9Les catégories du vrai et du faux, de l’expérience sensorielle et de la raison sont discutées par les auteurs du corpus : est notamment interrogée la possibilité d’utiliser ces catégories pour faire le partage du réel et ainsi se penser comme sujet. Ainsi le partage entre « monde réel et imaginaire » est bien souvent « indécidable ». La personne empirique de l’auteur disparaît derrière ce « je » auteur, celui des préfaces et de diverses interventions auctoriales ; mais elle ne disparaît pas complètement, suggérant parfois une lecture autobiographique. Non seulement il semble y avoir diverses instances mais en outre il y a confusion entre ces instances : convergent-elles vers un sujet unique ou vers des sujets distincts ? Le rapport à l’exemple, à l’exemplaire constitue en cela une entrée particulièrement fructueuse : « échantillon signifiant » ou « spécimen remarquable » (p. 187), le sujet se présente en regard des modèles, qu’ils soient historiques, mythiques ou moraux, et discute leur héritage.
Le récit de soi répète un savoir anthropologique déjà ancien et plusieurs fois vérifié, manifestant par-là cette capacité de généralisation qu’Aristote attribuait à la poésie.

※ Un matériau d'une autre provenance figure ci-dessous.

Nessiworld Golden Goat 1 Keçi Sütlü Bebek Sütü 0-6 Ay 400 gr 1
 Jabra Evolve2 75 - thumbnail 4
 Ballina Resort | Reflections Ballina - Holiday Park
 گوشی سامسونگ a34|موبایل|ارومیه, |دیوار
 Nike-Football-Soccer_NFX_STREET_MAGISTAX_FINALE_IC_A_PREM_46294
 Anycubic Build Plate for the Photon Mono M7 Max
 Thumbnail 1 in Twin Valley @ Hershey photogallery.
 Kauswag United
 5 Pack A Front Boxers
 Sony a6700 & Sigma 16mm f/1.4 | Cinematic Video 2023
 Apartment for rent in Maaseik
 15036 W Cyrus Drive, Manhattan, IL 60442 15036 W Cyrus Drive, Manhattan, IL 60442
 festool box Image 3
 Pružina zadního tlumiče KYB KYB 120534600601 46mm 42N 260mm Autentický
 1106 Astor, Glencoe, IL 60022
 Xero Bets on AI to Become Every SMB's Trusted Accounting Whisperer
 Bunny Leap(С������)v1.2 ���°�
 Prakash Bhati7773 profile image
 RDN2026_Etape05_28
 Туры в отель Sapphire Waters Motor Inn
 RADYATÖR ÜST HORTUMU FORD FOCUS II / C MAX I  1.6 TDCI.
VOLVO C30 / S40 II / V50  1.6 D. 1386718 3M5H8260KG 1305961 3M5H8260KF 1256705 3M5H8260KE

Le procédé atténue l’audace du geste de la publication en dé-singularisant le sujet, témoin ou incarnation d’un fait inhérent à la nature humaine. (p. 183)
10Mais cela n’écrase jamais la singularité d’un destin dont le récit met en exergue la capacité à surprendre, à dérouter. La folie ou l’extravagance, telle qu’elle est thématisée dans les romans, n’est presque jamais réductible à une leçon générale, nuançant la capacité du narrateur, placé à distance, à interpréter.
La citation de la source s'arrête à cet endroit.